A criminal case was filed against the applicant, by the chief public prosecutor’s office also in 2009, for establishing or managing an armed terrorist organization. The relevant court convicted him for his membership to the terrorist organization. This decision, which had been appealed, was upheld by the Court of Cassation. Thereafter, the applicant lodged an individual application with the Court.
The applicant’s two individual applications were joined as being of the same nature ratione materiae.
The Applicant’s Allegations
The applicant maintained that he had been sentenced for his membership to Hizb-ut Tahrir, which could not be regarded as a terrorist organization for not promoting violence; and that his substantial requests and arguments had not been taken into consideration during the criminal proceedings. He therefore alleged that his right to a fair trial had been violated.
The Court’s Assessment
It is the Constitutional Court’s duty to examine whether the inferior courts assessed, to a reasonable extent, the applicant’s allegations which were likely to change the outcome of the proceedings.
In cases concerning terrorist organizations, the primary issue required to be taken into consideration is not the ideas adopted by them but the question whether they have resorted to any means of violence with a view to attaining their aims. The Court expects the inferior courts to make an assessment, in a convincing manner, as to the existence of terrorist organization or relationships between accuseds and organization.

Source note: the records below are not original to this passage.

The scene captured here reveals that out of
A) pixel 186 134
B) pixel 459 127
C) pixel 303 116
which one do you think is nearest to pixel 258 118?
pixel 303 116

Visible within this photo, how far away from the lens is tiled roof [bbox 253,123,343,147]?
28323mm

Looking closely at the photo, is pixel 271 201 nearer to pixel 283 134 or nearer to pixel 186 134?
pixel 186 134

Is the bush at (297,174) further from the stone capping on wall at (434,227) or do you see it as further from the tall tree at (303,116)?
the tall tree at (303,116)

The applicant complaining of the courts’ failure to discuss whether Hizb-ut Tahrir was an armed organization or a terrorist organization maintained that opinions and ideas supported by this organization, which had not involved in any violent acts, did not constitute an offence. However, both the inferior court and the Court of Cassation confined themselves, in their decisions, to accepting that Hizb-ut Tahrir was a terrorist organization and did not make an assessment as to the applicant’s defence submissions.
According to the reports issued by the security directorate, the organization did not involve in any armed action during the period from 1967 when the first operation was conducted against the organization to 2016 when the last report submitted to Constitutional Court was prepared. The charges raised against the organization during the investigation and proceedings are to make propaganda of the organization, to perform acts and actions for staffing, to print and distribute organizational documents, to broadcast via the internet on behalf of the organization and to hold organizational meetings.
On the other hand, given the definition −“a policy involving force and/or violence”− attributed to terror and terrorism by international documents, comparative law, doctrine and judgments of the Court of Cassation, the inferior courts did not specify in their decisions for which reasons the Hizb-ut Tahrir was regarded as a terrorist organization.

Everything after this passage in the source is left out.